Actively boycotting the elections is a combination of individual citizens’ personal refusal to vote and a whole civil disobedience campaign. For example, members of electoral commissions resigning en masse on the eve of elections, pickets, demonstrations, or campaigning through distribution of posters and leaflets. Theoretically, some legal means of registering citizens who refuse to vote could also be developed, but the disadvantages of such an approach are clear. Preparing a nationwide campaign in Russia is fraught with difficulties: the authorities will counter all attempts to campaign for an active boycott, not to mention that it would be quite a challenge to work out an effective, easily accomplishable large-scale registration process for voters who refuse to participate in elections, that would be both legally acceptable and impossible to disrupt before the elections.

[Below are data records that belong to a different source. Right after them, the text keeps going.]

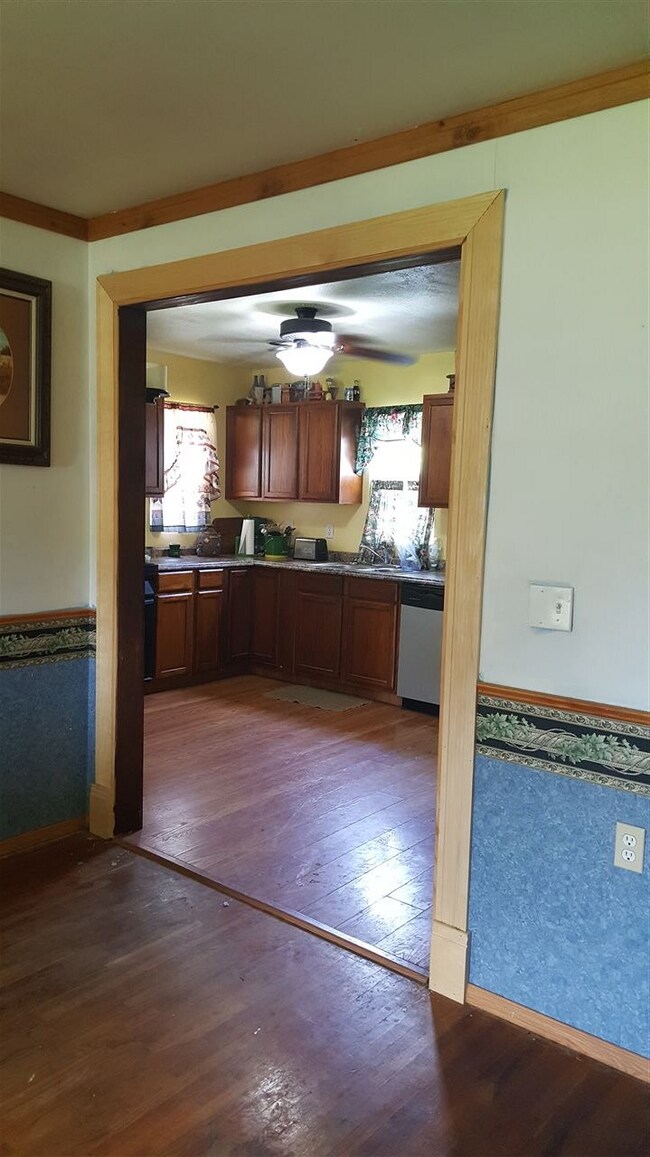 Notice the Oak Trim very high end oak
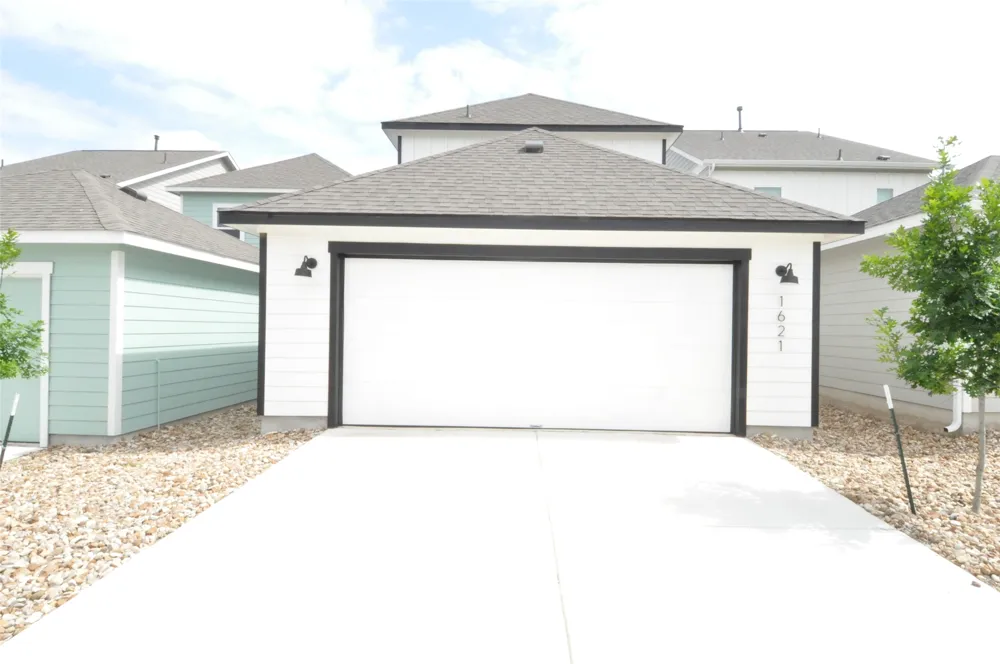 1621 Bella Drive #82 Leander, TX 78641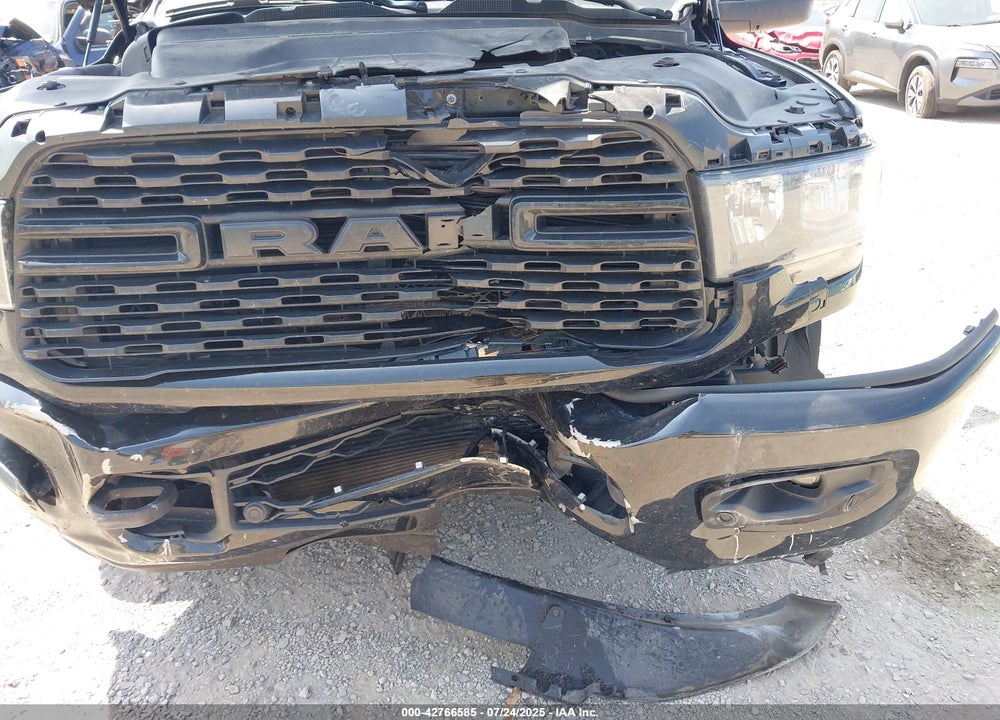 2024 RAM 3500 BIG HORN  4X4 8' BOX VIN: 3C63RRHL8RG214899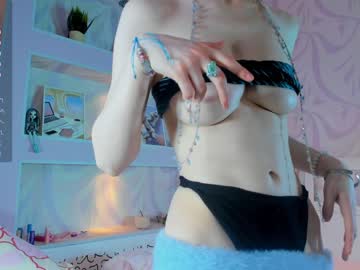 webcam girl gingers_hugs live cam image #8394688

In the context of the elections, sabotage could mean urging all disgruntled citizens to go to the polls and perform certain pre-agreed actions which would register in the official election statistics in one way or another. The first thing which springs to mind following this logic is to ask citizens to deliberately spoil their ballots, for example, by writing the name of a candidate disqualified from the elections or some slogans on them. This ploy is easy to implement and impossible for the authorities to control. Its weaknesses are also obvious. Firstly, there is no reason to declare that all such ballots were defaced as a protest: there are invalid ballot papers in any election. Secondly, control over vote-counting is crucial. Experience has shown that, without it, there is nothing to stop spoilt ballots (or a good number of them) from being counted as votes for the “right” candidate.

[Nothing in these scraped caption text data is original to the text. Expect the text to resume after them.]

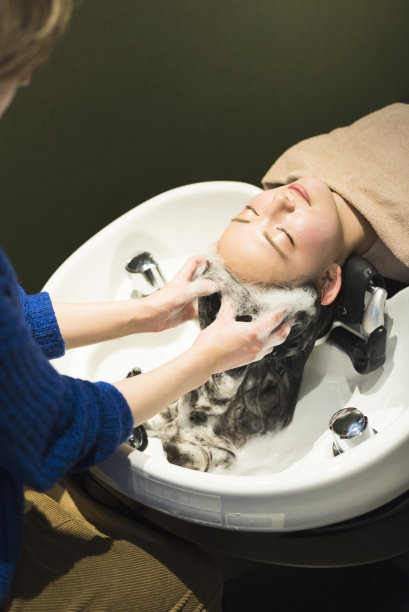 女人们在美容院洗头。图片下载
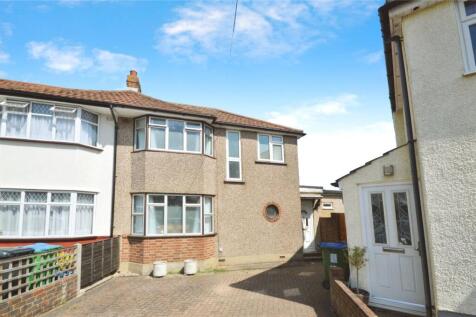 4 bedroom end of terrace house for sale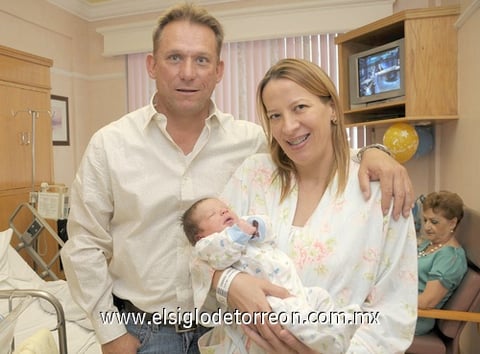 08052011  Ramírez Garza y María del Pilar Cabarga, felices con su pequeño bebé Rogelio.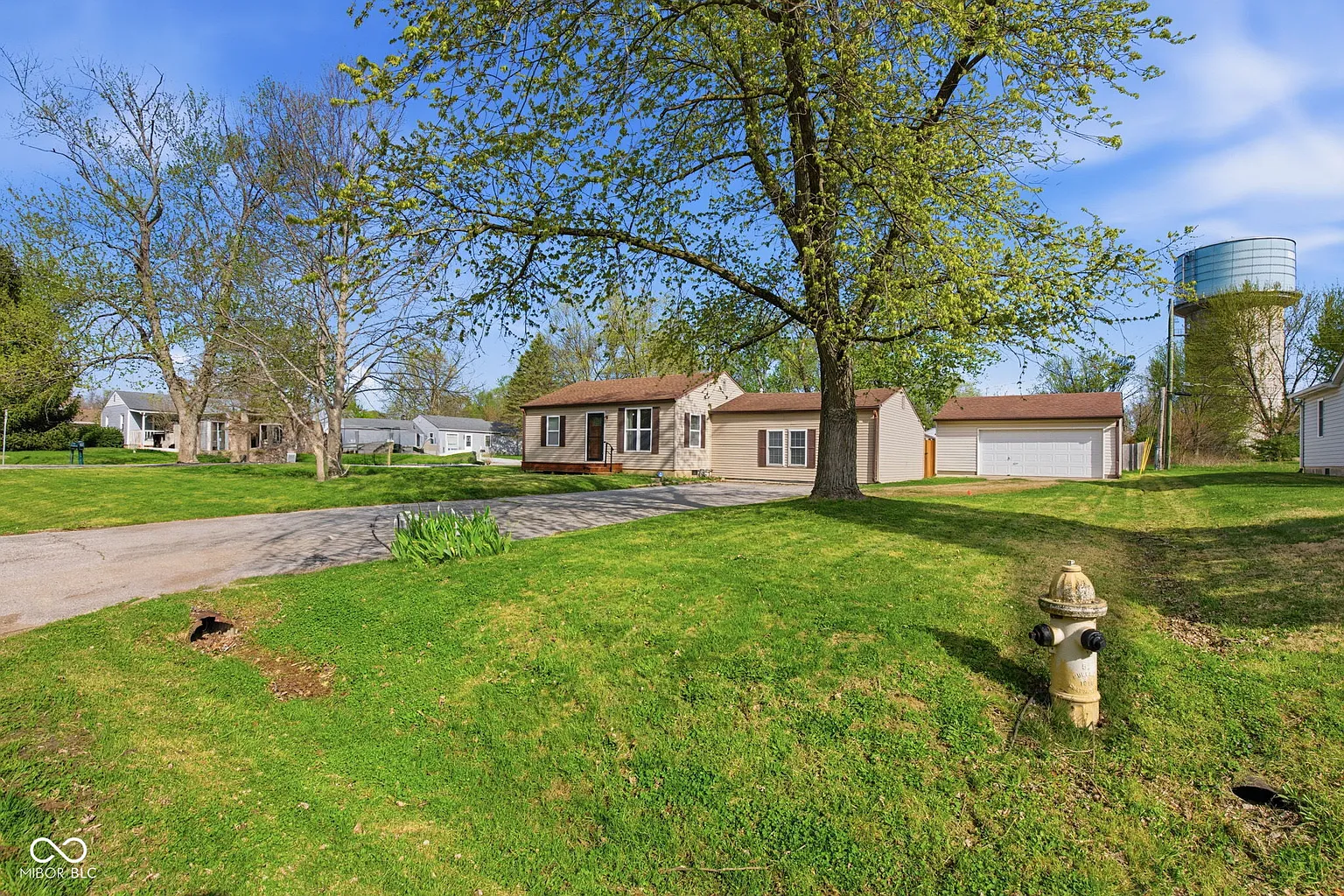 3340 Grace St photo 1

In any case, as soon as citizens drop their votes into ballot boxes, they lose control over them and cannot be sure how they will be counted, if counted at all.

The only way for citizens to retain control over their votes is to keep their ballots. If this phenomenon would be sufficiently widespread, the electoral commission reports would in some way register the number of issued ballot papers which hadn’t landed in ballot boxes. If Putin’s opponents were to call for such action and receive a widespread response from society, this number could be quite considerable.

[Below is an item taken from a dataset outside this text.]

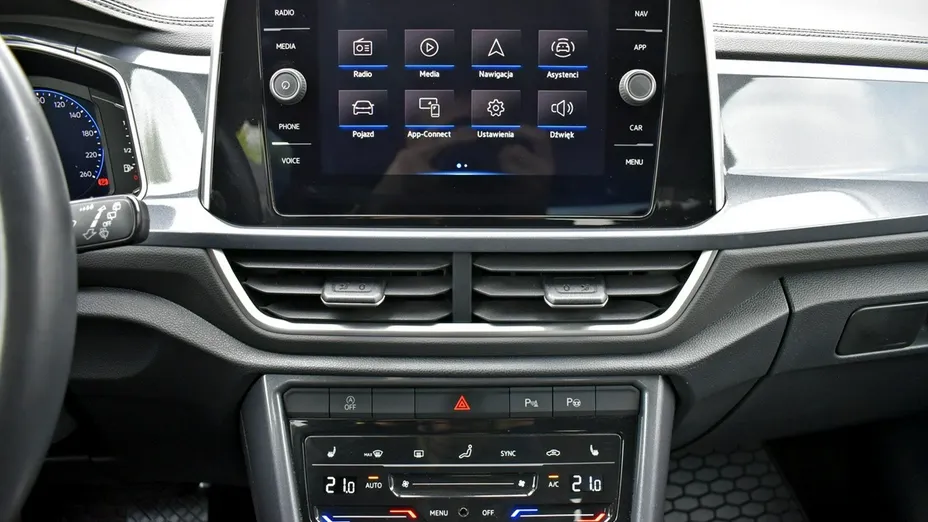 VOLKSWAGEN T-ROC -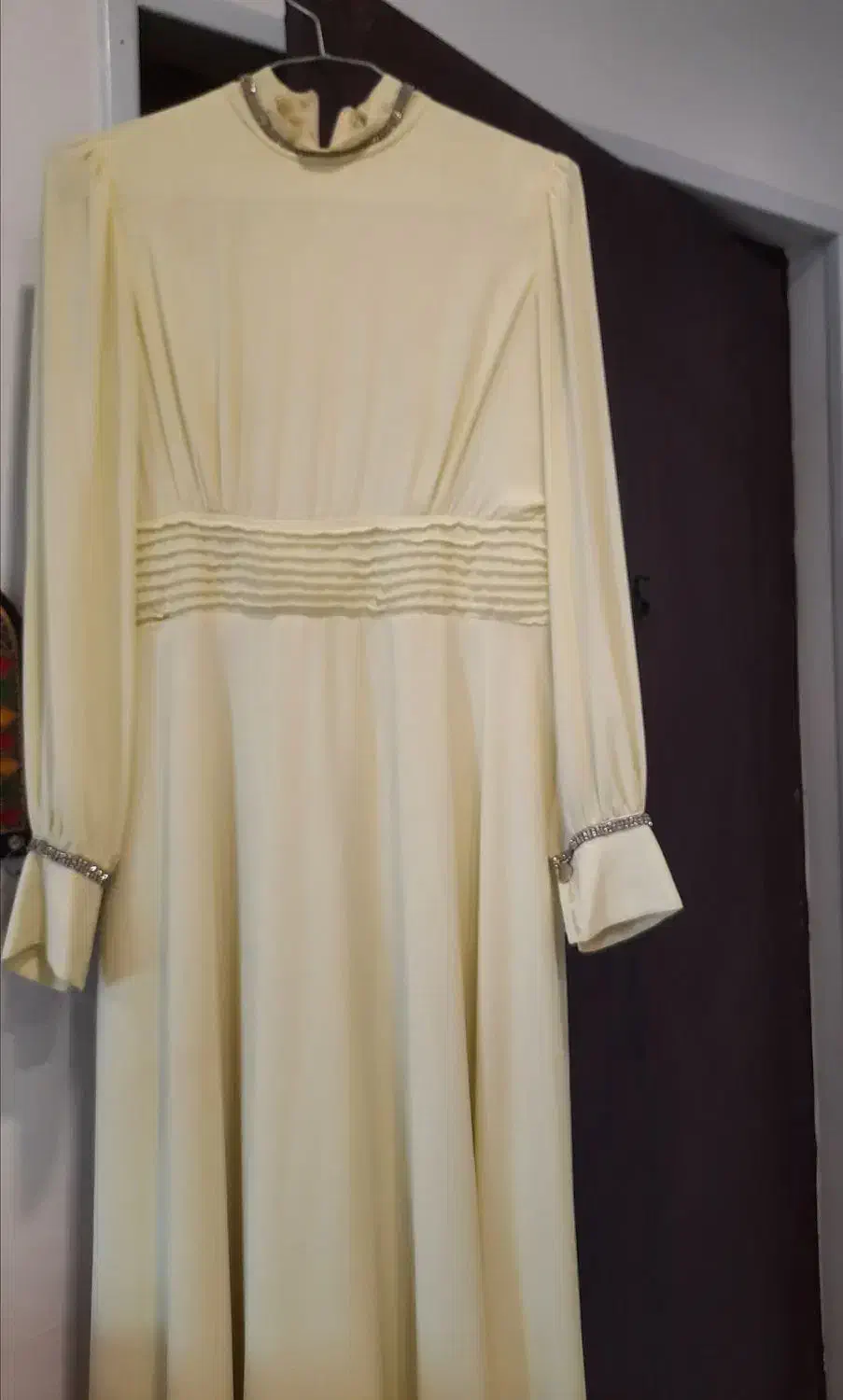 پیراهن لیمویی|لباس|بابلسر, |دیوار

The ideal scenario would be to collect such ballot papers in order to demonstrate to the country and the world the sheer number of documented protest voters. However, this is hardly feasible under the current circumstances: coordinating the centralised collection of ballot papers removed from polling stations by voters, transporting and storing them could easily be halted by the state at any stage.

Let us hope that the theoretical ideas presented in this article will initiate a relevant public discussion regarding what Russian society should do if the presidential elections will repeat the meaningless ritual in which the results are preordained. Excessive optimism in making plans which are too difficult to implement is as dangerous and harmful as excessive pessimism.

Alexei Navalny and his team bear a special responsibility for selecting and channelling the opposition’s reaction to the presidential elections: their social resources are vital, and they alone are able to mobilise a statistically significant, measurable number of Russian citizens to implement a given plan. On the optimistic side, all concepts invented by Navalny and his team have worked in one way or another, which means that they might propose something unexpected and effective this time too—in the sad but quite probable case that the authorities will organise the elections in their traditional manner, i.e. with predictable results and without any real opponents from the opposition.